- From: Youenn Fablet <youenn.fablet@crf.canon.fr>
- Date: Mon, 22 Jan 2007 16:10:50 +0100
- To: Jonathan Marsh <jonathan@wso2.com>
- Cc: "'www-ws-desc'" <www-ws-desc@w3.org>
Jonathan Marsh wrote:
> I'm returning to this topic based on my AI to look at CR117 further. Youenn
> does a good job below of pointing out more of the potential issues. IMO
> this can be boiled down to two questions:
>
> 1) Do we allow the user the power to create URLs from data that either
> result in malformed URIs, non-reversable data, or both?
> 2) If we do, can we advise the user, or the WSDL processor, on how to bind
> the data safely?
>
> Youenn's suggestion below of providing a "safe mode" in which %-encoding is
> applied to the data before inserting it into a template is interesting. I
> can imagine this being exposed as a feature of the templating language
> directly:
>
> whttp:location="{raw}?more={%encoded}"
>
> Where the % directs the WSDL processor to encode the data (otherwise it's
> stuffed in raw). Actually, the reverse would probably be better - encode
> unless the user makes an effort to ask for the raw mode:
>
> whttp:location="{#raw}?more={encoded}"
>
> or something like that even though it's not as self-explanatory.
>
> We'd have to accompany this with some warnings to users that the raw mode
> must be used carefully, e.g. with appropriate schema types restricting the
> power for malformed URIs and the inability to generate server stubs in
> XML-centric implementations.
>
>
+1.
IMHO, the raw mode is a powerful feature that should be kept to advanced
users/scenarios.
Having a simpler encoded mode makes a lot of sense to me, especially if
it makes SOAP-Response usable.
> All that smells a bit too much like new features at the last minute to me!
>
It might be new features, although if we take the 80/20 bar, the encoded
mode might be more appealing than the raw mode,
at least in the SOAP world and even for simple HTTP services.
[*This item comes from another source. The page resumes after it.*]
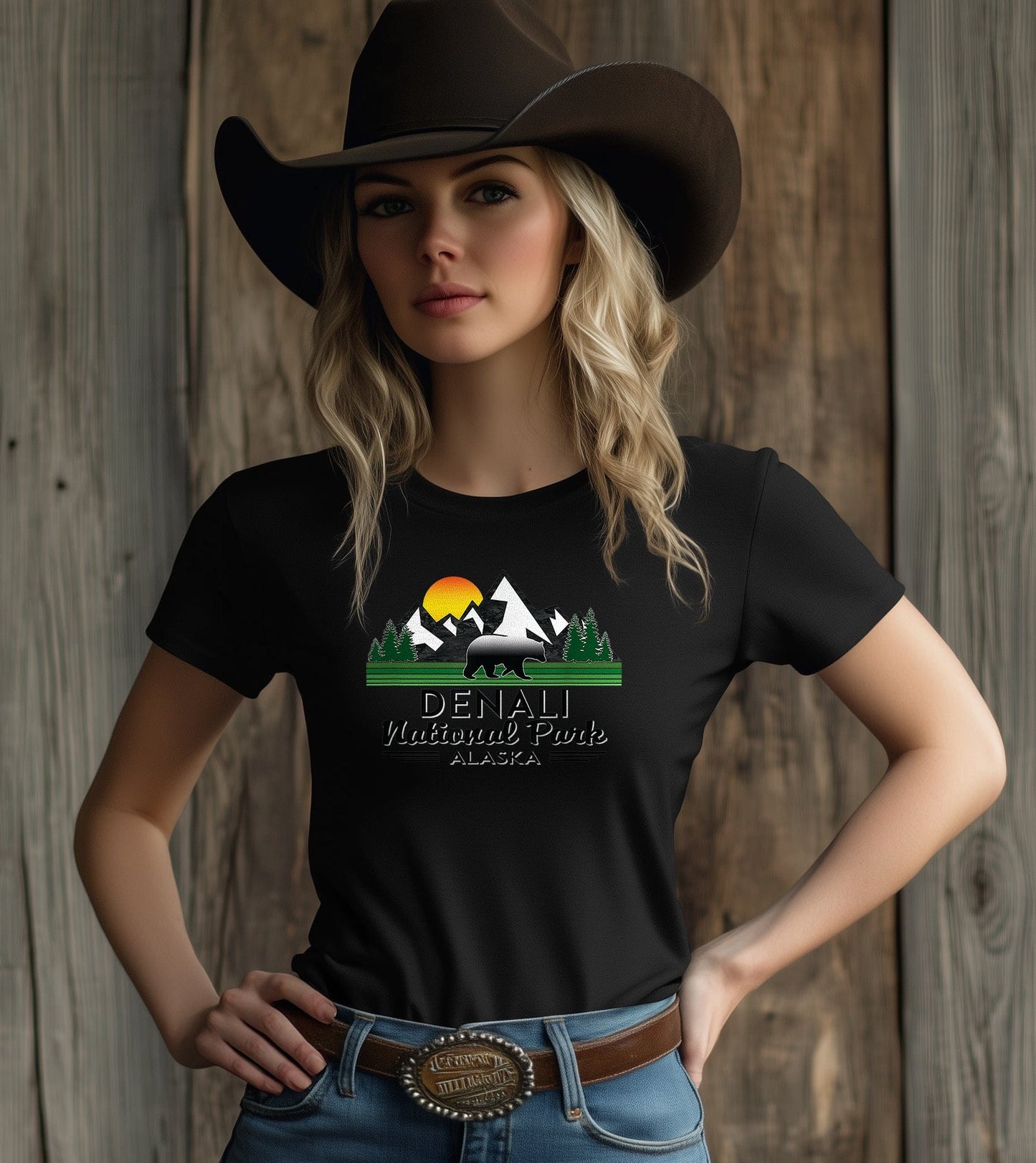 Denali national Park Tee 13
> And it only gets us part way, as it doesn't solve the problem of creating
> non-reversible templates like {x}{y}. That one's much harder. Simply
> preventing adjoining templates won't work - how does one deconstruct
> {first}-{last} if first='Jean-Jacques' and last='Moreau'? There needs to be
> a delimiter between each template that cannot appear in the data.
>
Exactly, and if we encode data, these delimiters are easy to select and
non-ambiguous locations are easy to assert.
> One can get pretty fancy and context-sensitive in figuring out which
> characters to appear, but a lowest common denominator of approach seems
> workable and allows any data to be encoded without harm and a representing
> IMO a loss of functionality lower than the potential for simple mistakes:
>
> 1) %-encoding each character in the XML except a-z, A-Z, 0-9, "-", ".", "_",
> "~". Per RFC3986 sec 2.4 this escaping is performed prior to insertion into
> the URL in place of the template.
> 2) Force templates to be separated by a character sequence containing at
> least one unescaped character not in the above set. A BNF for this seems
> possible though I failed in my simple attempt to create it...
>
I would not go as far as disallowing these ambiguous templates.
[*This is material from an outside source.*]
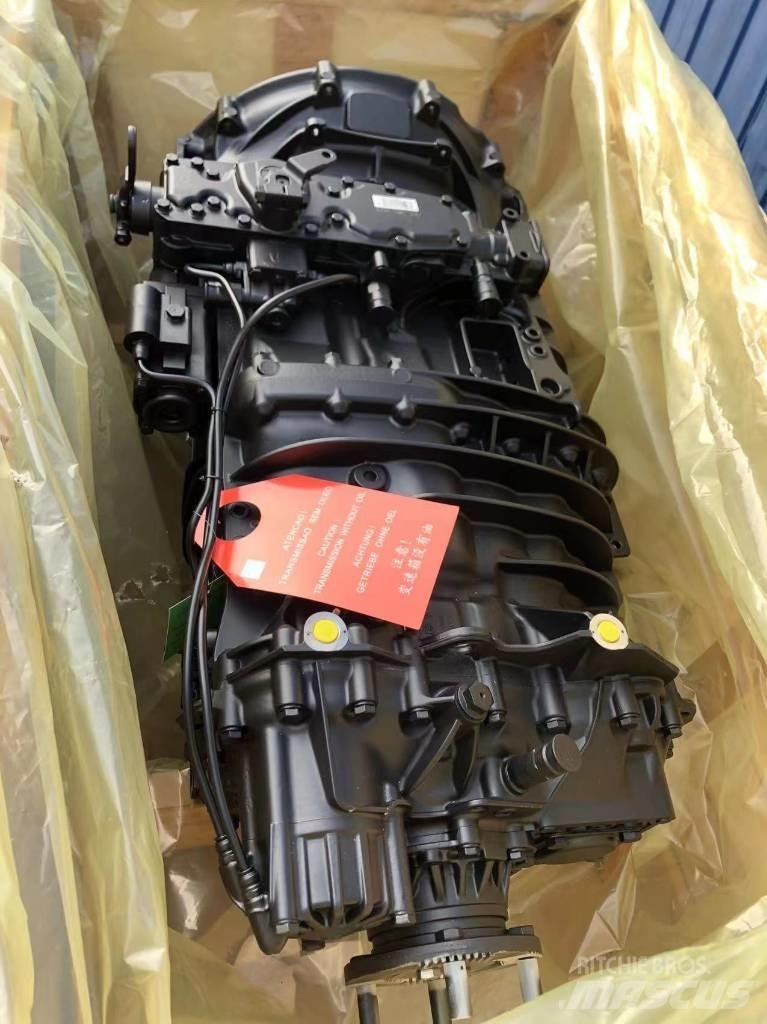 ZF 16S2530TO Transmisie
Triggering a warning would be sufficient.
> Thus these would be disallowed:
> {foo}{bar}
> {foo}-{bar}
> {foo}%20{bar}
>
> And these would be allowed:
> {foo}.xml
> {foo}/{bar}
> {foo}?{bar}
> /{foo}+{bar}/baz
> ?{foo},{bar}
> ?{foo}={bar}
> ?foo={foo}&bar={bar}
> ?foo={foo}-and-then-some&bar=more-than-{bar}
>
> Jonathan Marsh - http://www.wso2.com - http://auburnmarshes.spaces.live.com
>
>
>
>> -----Original Message-----
>> From: www-ws-desc-request@w3.org [mailto:www-ws-desc-request@w3.org] On
>> Behalf Of Youenn Fablet
>> Sent: Friday, January 05, 2007 3:11 PM
>> To: www-ws-desc
>> Subject: Clarifications on CR117
>>
>>
>> After yesterday's discussion about CR117, I have the following
>> comments/precisions/questions.
>> I hope this helps clarifying the issue(s).
>>
>> 1) Question mark
>> a) Having a '?' in the values of the parameter may lead to issues: the
>> query string may begin in advance:
>> examples:
>> whttp:location="Send/{title}/index?" with two parameters (title and
>> author) may lead to something like: Send/What?/index?author="unknown".
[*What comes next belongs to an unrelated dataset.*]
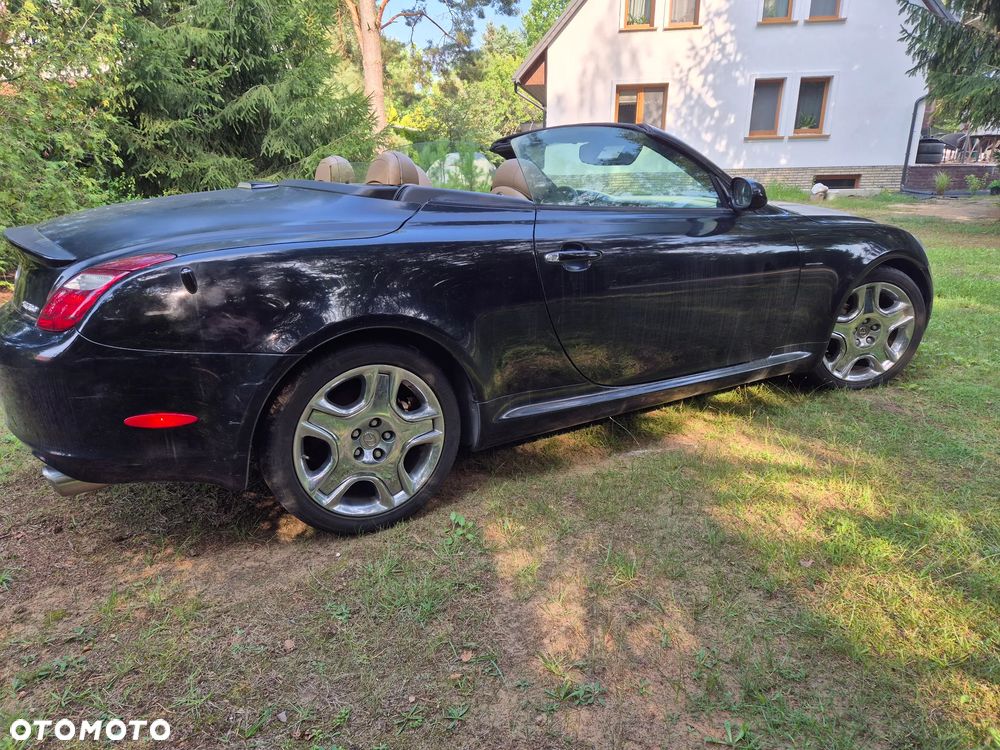 Lexus SC - 8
>> There might be applications that will be able to handle that but others
>> may not be able to correctly handle this...
>>
>> b) To be noted that client applications will need to check at runtime
>> whether the location and parameter values have a '?' in order to
>> correctly build the query string
>> Let's have whttp:location="/Send/{title}"
>> if title is "What" and author is "Unknown&Co", we would have:
>> /Send/What?author=Unknown&Co
>> if title is "What?ok" and author is "Unknown&Co", we would have:
>> /Send/What?ok&author=Unknown&Co
>> This might need to be clarified in the specification (cf. phillipe AI).
>>
>> Please note also the use of the "&" in this example. Other reserved
>> characters (#) may also have some impact. Hence the proposal at the end
>> of this message.
>>
>> 2) URI escaping
>>
>> Characters from @address, @whttp:location or from parameter values may
>> need to be escaped before being put in the HTTP request.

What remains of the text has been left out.